They are a member of the European Union, which is an economic group, but is based upon geographical location. The part of the world that they come from is traditionally known as 'Near East', compared to Middle East and Far East.

Turkey is an interesting country from this point of view.

Again, Greece is an interesting one. Physically it is obviously in Southern Europe. However economically it was, until recently, in what is called Emerging Europe. It is now in Developed Europe. Emerging Europe is also often called Eastern Europe and Developed is often called Western Europe. Again, these are economic locations which have some parity to the physical geographical location. 

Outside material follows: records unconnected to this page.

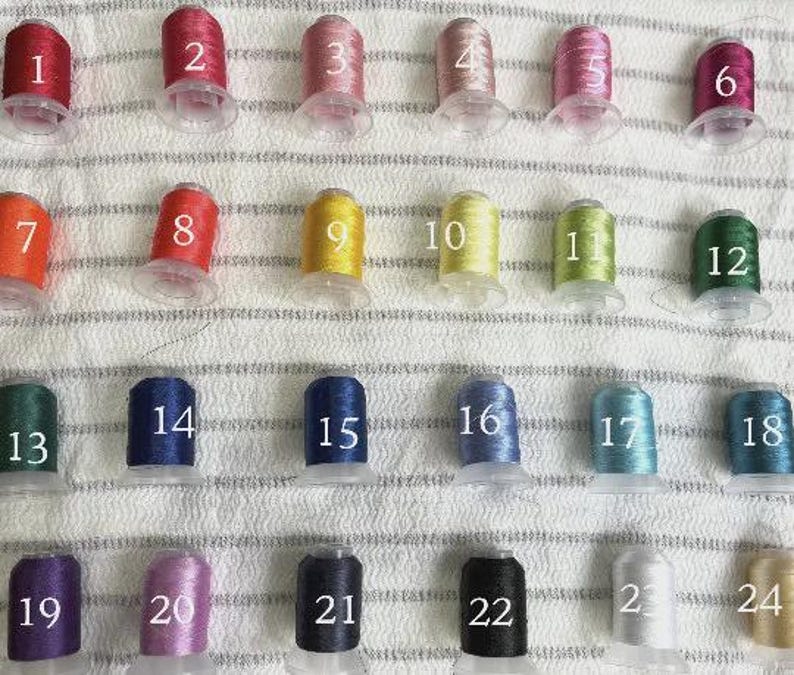 May include: A collection of 24 spools of embroidery thread in various colors, each labeled with a number from 1 to 24. The threads are arranged in rows on a textured, off-white surface.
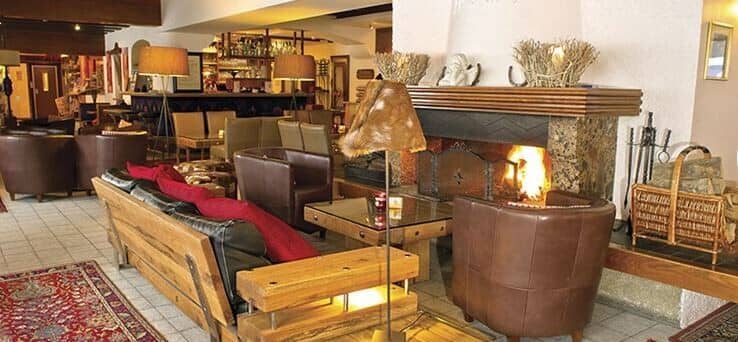 Lounge with wood-burning fireplace and leather club chairs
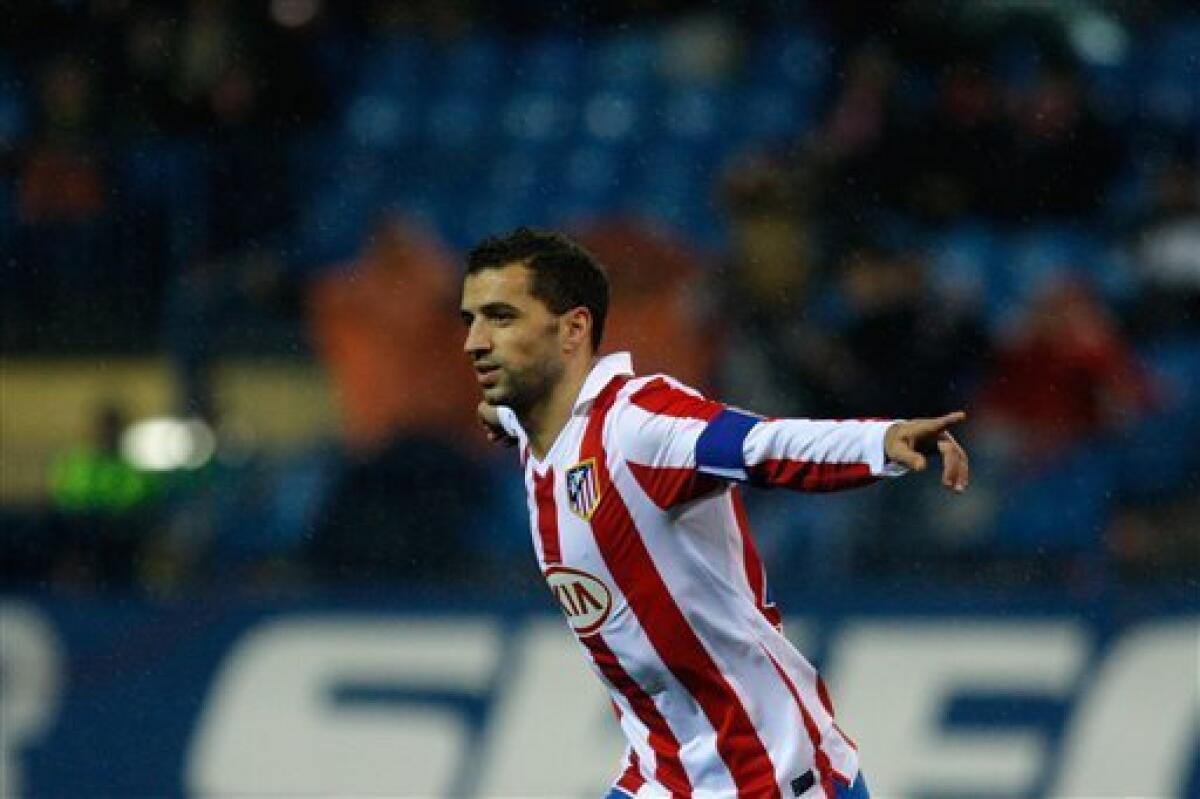 Atletico de Madrid's Simao Sabrosa from Portugal celebrates after scoring a penalty against Espanyol during his Spanish Copa del Rey soccer match at the Vicente Calderon stadium in Madrid, Wednesday, Dec. 22, 2010. (AP Photo/Arturo Rodriguez)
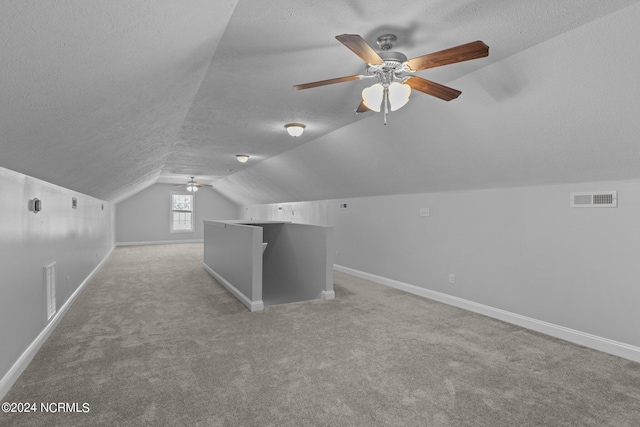 additional living space with a textured ceiling, light colored carpet, vaulted ceiling, and ceiling fan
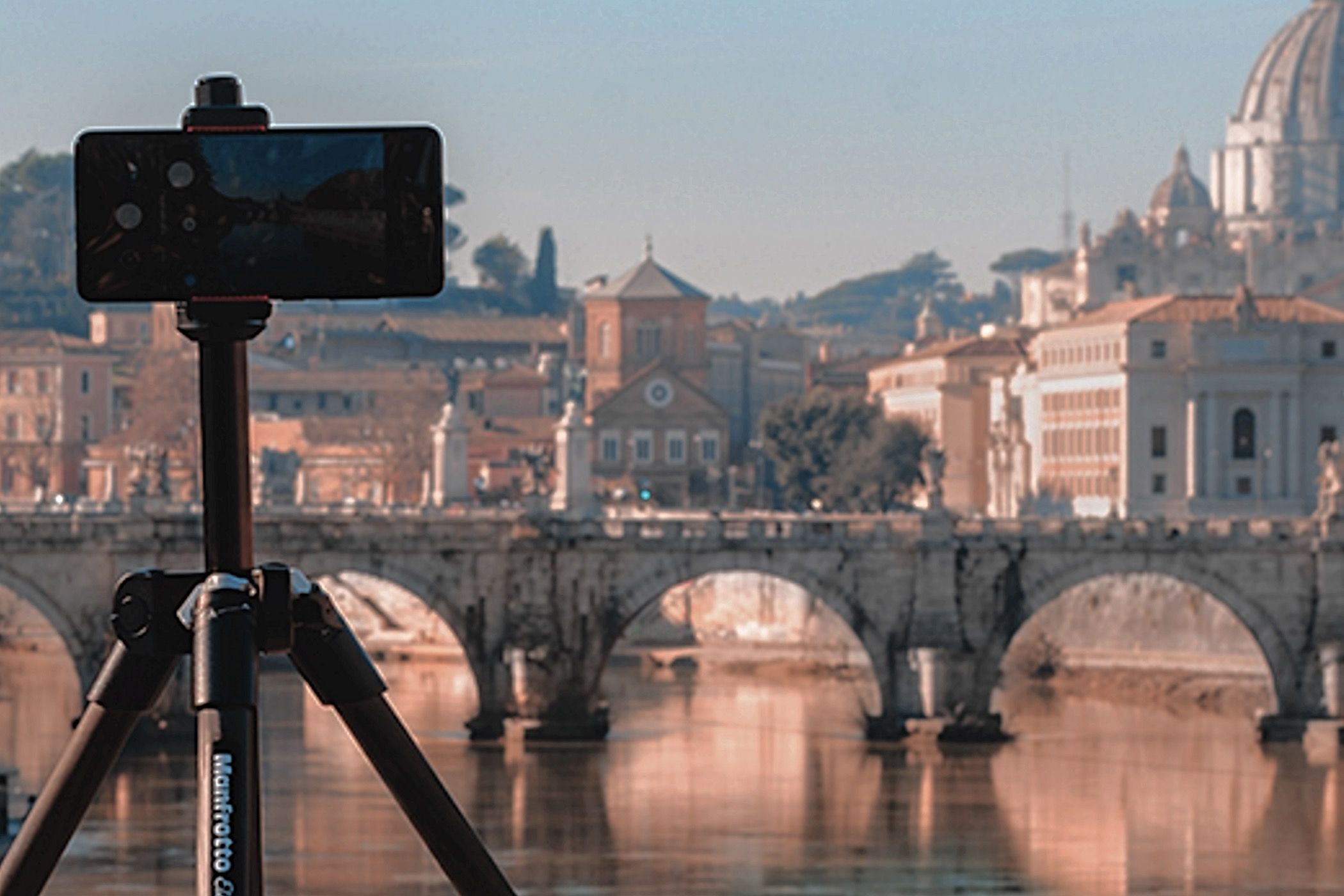 A smartphone mounted on a Manfrotto Element MII 4-Section Aluminum Tripod.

TestUser - Middle East is not an incorrect label, it is not defined purely on Geographical location. You are correctly defining Israel based upon continents. Middle East does not rely on Continents (because there are so many different ones around that area) and was used to group similarly placed countries around that area. Israel is in the Middle East. It is also, as you correctly state, in the Western part of Asia.

Roger.


----------



## alexachucarro (Feb 7, 2002)

> _Originally posted by AdmiralAK _
> *Someone failed geography   can you guess who it is ? lol (sorry "the weakest link" kind of moment).
> 
> 
> ...



Israel IS in Europe but tetsuser established that. But about 10% of Turkey IS in Europe. The border is called The Bospher Straight not the Turkey coast. In fact the city Istanbul, has a European part and an Asian part seperated by a little bit of sea called Marmara. My friend is European Turkish. But anyway, it's regarded as a European Country in Europe and one day it hopes to join the EU. No idea why, bloody mess if you ask me.... but thats another webSITE!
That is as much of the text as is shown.